Darf eine Steuerreform, welche die Unternehmen betrifft, zu einem Hochrisiko für die Finanzierung von öffentlichen Dienstleistungen werden und schlussendlich wegen fehlender Mittel die Lebensqualität von Bürgerinnen und Bürgern infrage stellen? Die Beantwortung dieser Frage überlasse ich gerne Ihnen, verbunden mit der Bitte, gut zu überlegen, ob Sie am 19. Mai bei der Beantwortung der Abstimmungsfrage Steuerreform und AHV-Finanzierung «STAF» ein JA oder ein NEIN in die Urne legen.

Das nach den letzten repräsentativen Umfragen nun fast als sicher geltende JA zur Steuerreform und AHV-Finanzierung wird in Kombination mit den darauffolgenden kantonalen Steuergesetzrevisionen die Finanzierungsfragen im Service public deutlich verschärfen. Sparmassnahmen, welche auf diese Reform zurückzuführen sind, lehnen wir bereits heute entschieden ab. Kehren wir zurück zu unserem Tagesgeschäft.

Sozialpartnerschaft

Die konsensorientierte Sozialpartnerschaft ist eine der Kernkompetenzen unserer Dachorganisationen und den angeschlossenen Verbänden. Auf diesem Weg konnten in den vergangenen Jahren vielerorts Erfolge erzielt werden, was zu klaren Verbesserungen der Anstellungsbedingungen in den betroffenen Kantonen, Städten oder Gemeinden führte.

Mit wachsender Besorgnis stellen wir heute allerdings bei einigen Kantonen und Städten auf Seiten der Arbeitgeberin eine Abkehr vom klassischen Modell der konsensorientierten  Sozialpartnerschaft fest. Dies führt zu einer nur noch sehr eingeschränkten Mitwirkung der Arbeitnehmenden bis hin zum totalen Verlust der Mitsprache bei Entscheidfindungen im Anstellungsbereich. Mit Ausnahme des Kantons Solothurn, wo die Sozialpartnerschaft klar und eindeutig in einem öffentlich-rechtlichen Gesamtarbeitsvertrag geregelt ist, steht diese in anderen Kantonen und Gemeinden auf sehr wackligen Füssen. Sie funktioniert in der Regel nur so gut, wie es die Arbeitgeber zulassen.
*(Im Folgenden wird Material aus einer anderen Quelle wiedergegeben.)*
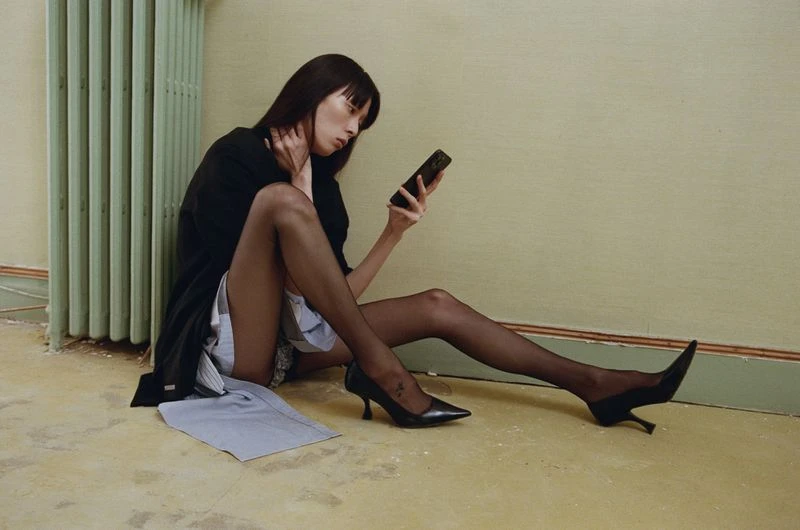 An Asian woman in a black jacket sits on the floor, holding a phone. She's wearing sheer tights and black high heels in an indoor setting.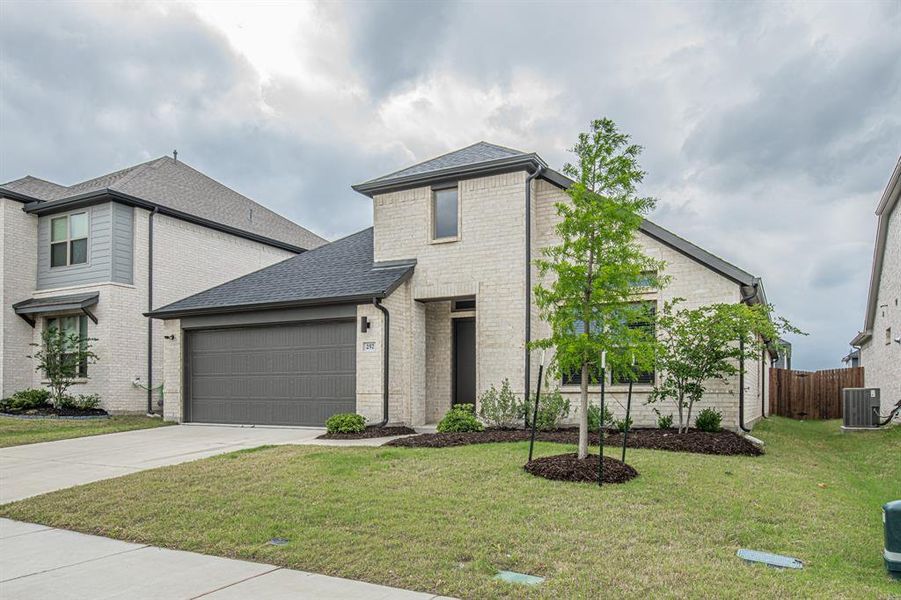 Front exterior of a new home in Elevon, Lavon, TX, highlighting curb appeal (Image 17).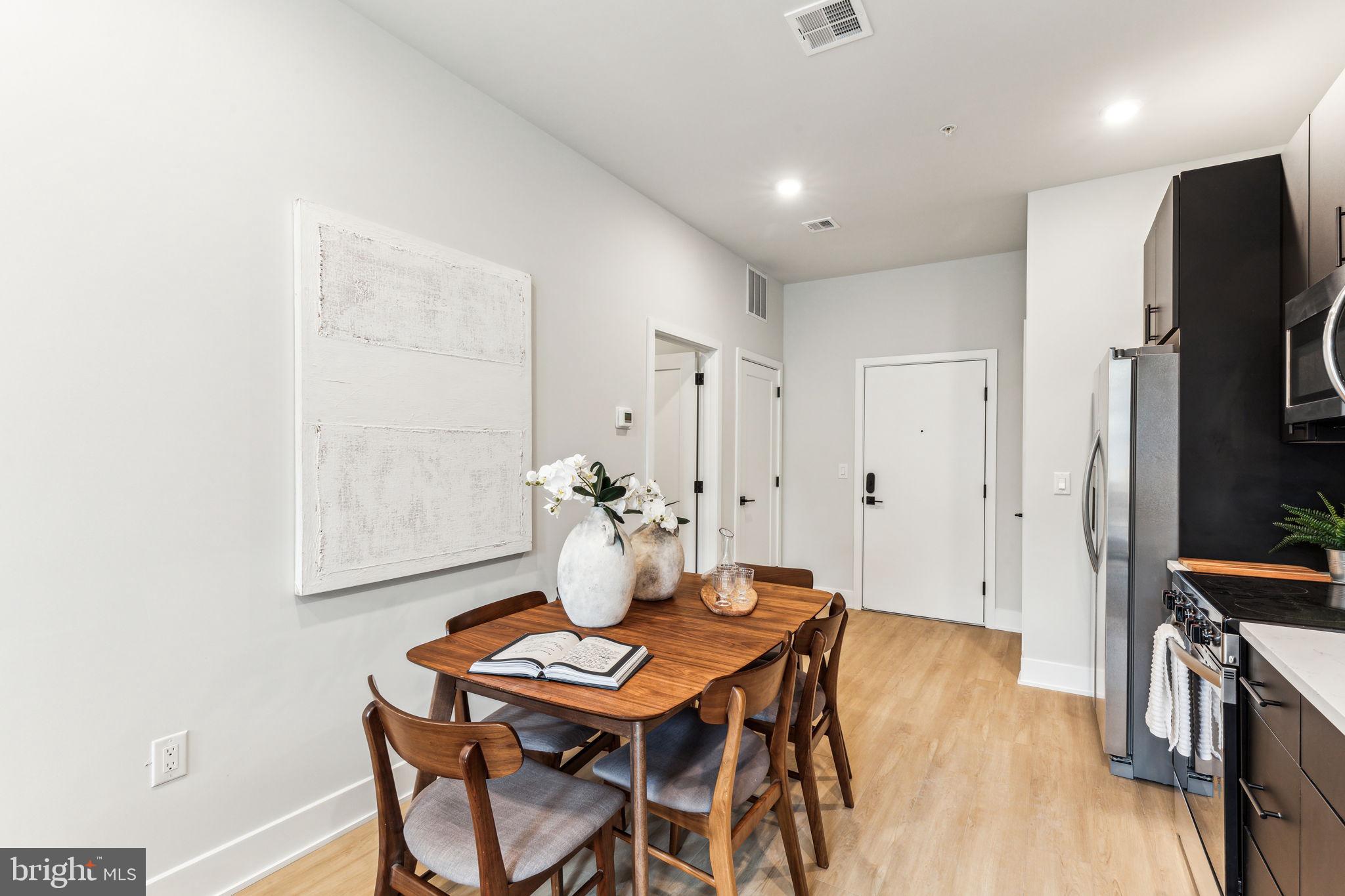 6910 Ridge Avenue, Unit 312 Philadelphia, PA 19128 - Photo 8 of 18 a view of a dining room with furniture and wooden floor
Weil auch bei mir in der Stadt Biel diesbezüglich bei der Arbeitgeberin Zerfallserscheinungen aufgetreten sind, haben wir uns, nach vorgängig heftigem Widerstand des Personalverbandes, gemeinsam mit der Arbeitgeberin darauf geeinigt, eine Prozessdefinition vorzunehmen und die verschiedenen Phasen der sozialpartnerschaftlichen Verhandlungen aufzuzeigen und gemeinsam zu vereinbaren. Wir hoffen, den in Biel mit der Arbeitgeberin vereinbarten Prozess der Sozialpartnerschaft auch als sozialpartnerschaftliches Modell für Öffentliches Personal Schweiz (ZV) einsetzen zu können.